Josh opened his mouth, but said nothing. Rob
could tell that the slightest movement of his face muscles pained him. 

“How ya doin’?” Rob asked as his voice broke
as it competed with the sob that tried to escape at the same time. He contorted
his face into his best goofy smile, the one that had never failed to get a
reaction. It failed this time. “Yeah, I know, stupid question, but I gotta say
somethin’.”

Josh just stared and blinked the one swollen
eye.

“Can you talk?” Rob asked quietly so the boy
in the next bed couldn’t hear. Josh nodded. Rob said, “It must have been
awful.”

“I survived,” Josh mumbled through his
swollen lips.

“Don’t talk if it hurts.”

Josh shrugged and the shrug seemed to hurt
worse than the talking. “The worst was when I realized my parents would find
out. After the guys finished with me, they just dumped me along 303 and I
stumbled home and took every pill in the medicine cabinet. You know my parents.
They’d kill me as soon as they found out, so I tried to do it myself.” Rob
struggled to think of what he could possibly say and Josh filled the silence.
Rob had to bend close to hear the whisper. “And couldn’t even do that right.
Mat found me and called 9-1-1. My parents would’ve liked it better if I’d
died.” He said it so dispassionately it was as though he were reciting sports
scores to someone who was not a fan.

Rob was shocked.

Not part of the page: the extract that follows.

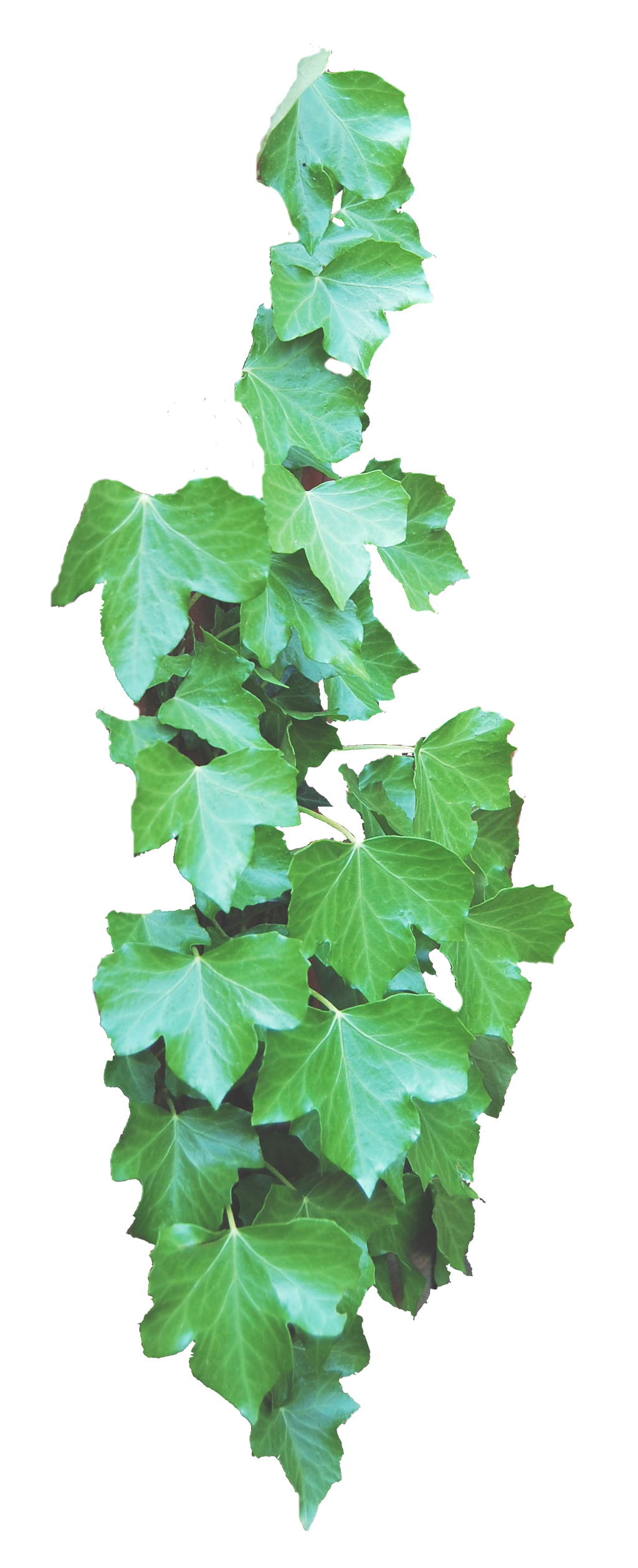 Ivy PNG..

For a few more minutes he
stared at Josh’s chest as it rose and fell under the faded blue hospital gown.
Josh’s green eye, so dazzling to Rob across a baseball diamond now blinked
dully.

Rob checked to make sure the curtain hid any
sight of them. Reaching out, Rob took Josh’s hand and held it gently for fear
of disturbing the IV tubes that fed his arm. He leaned in close so his head was
almost on the pillow, and he could smell Josh’s hair. 

“Joshua, do you love me?”

The wounded boy turned so his eye locked on
Rob’s. He seemed too startled to respond. “I love you, Josh. More than anything
in my life. More than I ever have anyone. I never understood why people much
cared about much of anything until you came along. If anything happened to you
I’d have no reason to go on living, either. I don’t want to kill myself. But if
you died, I would. So if you love me, please promise me you won’t ever try to
hurt yourself again.”

Josh reached up with non-tubed arm, pulled
Rob’s head to his, and kissed his hair.  The door to the room flew open
and Rob recoiled from the bed. A posse of teenagers descended on the next bed.
Rob turned his head to the window when one of the shaved heads stuck around the
curtain and said, “Wassup, homies?”

When the boy was gone, Rob went back to
Josh’s ear. “I love you. Get well. I want you back. I’ll come again as soon as
I can.”

He quickly kissed the moist, swollen cheek.
Josh grabbed and squeezed Rob’s hand in reply. Rob took a moment to compose
himself then quickly strode out of the room. “’Sup,” Rob said to the guys on
the way out of the room in his best imitation of street-wise hipness.